Here are some details and functionalities of each of the core components:

calico-node

The calico-node pod runs on every host. It is responsible for 2 pieces of functionality:

  • Route programming: Based on known routes to pods in the Kubernetes cluster, configure the Linux host to facilitate routing accordingly.

  • Route sharing: Based on pods running on this host, provide a mechanism to share known routes with other hosts. Typically accomplished with Border Gateway Protocol (BGP).

To accomplish the above mentioned functionalities, the calico-node container runs 2 processes, Felix and BIRD, which are shown in the diagram below:

Calico Node

Felix is responsible for programming the host to satisfy pod routes and network policy. To do this, it interacts with the Linux kernel’s route tables and the Linux IPtables (for network policy). Felix will configure the route tables statically translating what is learned to static routes in the host’s routing table. Calico’s use of IPtables can raise concerns around scalability, however the use of IPtables has a time complexity of O(1). Calico relies on kube-proxy to facilitate services, which (in IPtables mode) can have a complexity closer to O(n). This should be considered for clusters featuring thousands of services.

BIRD takes routing rules written by Felix and peers with other BIRD instances that run on all hosts by default. These BGP peers are constantly sharing routing information about their known routes. BIRD is a capable daemon that enables a multitude of topologies. This will be covered in greater depth in the Route Distribution section.

calico-kube-controller

The calico-kube-controller is responsible for recognizing changes in Kubernetes objects that impact routing.
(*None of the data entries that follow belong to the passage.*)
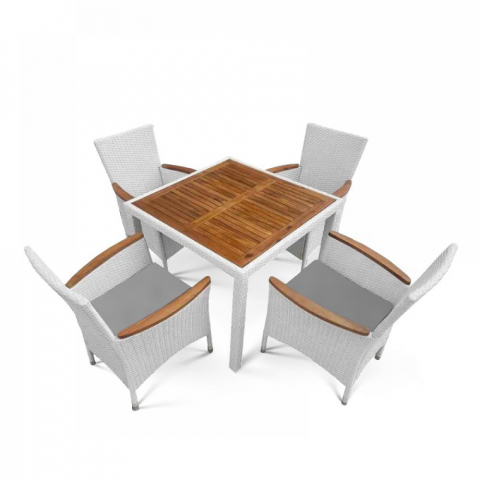 Комплект плетеной мебели AFM-440A 90x90 White (4+1)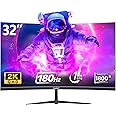 Gawfolk 32 Inch Curved Gaming Monitor QHD, 32" 2K (2560x1440p) 180Hz PC Screen with AMD FreeSync, Flicker-Free, 2X HDMI 2.0, DP 1.4, Ultra-Thin Frameless 1500R Screen PC Monitor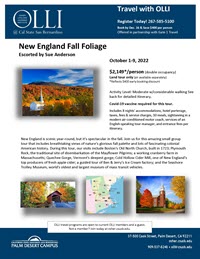 Flyer for OLLI New England Fall Foliange trip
The controller contains multiple controllers inside of it, watching changes in the following:

  • Network Policies (used to program IPtables for network access enforcement)
  • Pods (e.g. labels)
  • Namespaces (used to determine if enforcement is needed for the new namespace)
  • Service Accounts (used for setting up Calico profiles)
  • Nodes (used to determine the associated subnet and inform the routing topology)

Calico kube-controller

Based on changes seen by the controllers, Calico can update its datastore, which will eventually be seen and enforced in each calico-node.

Typha

Typha is a process that fans out configuration to all calico-node instances in a cluster. It acts as a cache that can de-duplicate events from the API server, lessening load significantly. As the Calico datastore changes, these changes must be propagated to every instance of calico-node, which can be hundreds or thousands of instances. This creates scaling issues in a cluster with more than 50 nodes as every node will be opening up a watch for API server events. Typha gets around this by being an intermediary between the API server and all instances of calico-node.

Typha

For brevity, only 8 hosts are displayed above. However, it’s important to consider this model at scale as connecting each calico-node to the datastore could impact kube-apiserver performance.

Calico Datastore

The Calico Datastore is a generic term referring to whatever is used to store Calico configuration, routing, policy, and other information. Calico supports 2 datastore modes, Kubernetes and etcd. The types of resources you can expect in this datastore are:

  • BGPConfiguration

    • Set global BGP configuration settings. Allows you to set an autonomous system (AS) number for your network, deactivate node-to-node mesh (used when peering with route reflectors or top of rack switches), and settings to advertise clusterIPs.
  • BGPPeer

    • Represents each BGP peer containing the peer’s IP and AS it’s associated with.
  • FelixConfiguration

    • Low-level Felix settings that impact these routing daemons. This is where you alter IPtables settings, MTU sizes, and routing protocols.
  • GlobalNetworkPolicy

    • Network policy rules that are applied cluster-wide rather than namespace wide.
  • GlobalNetworkSet

    • List of external network IPs or CIDRs that can be executed on via a Calico GlobalNetworkPolicy.
  • HostEndpoint

    • Represents the interfaces attached to each host running Calico.
  • IPPool

    • Represents the pool(s) of IP addresses and their preferences from which endpoint IPs will be assigned to pods. You can set the pool’s encapsulation protocol such as IP-in-IP, VXLAN, or Native. A cluster can have multiple IPPools, each with its own configuration.
  • NetworkPolicy

    • Namespace-scoped network policy that extends the functionality of Kubernetes default network policy API.
  • NetworkSet

    • List of external network IPs or CIDRs that can be executed on via a Calico NetworkPolicy.
  • Node

    • Represents a Kubernetes node and holds details on its IPv4/6 number, AS association, and tunnel address (IP-in-IP or VXLAN).
  • Profile

    • Configuration to group multiple endpoints by auto-applying labels to them.
  • WorkloadEndpoint

    • The association of an endpoint to a workload. Includes details such as what the container ID is, pod name, MAC address, interface association (cali*), and IP network(s).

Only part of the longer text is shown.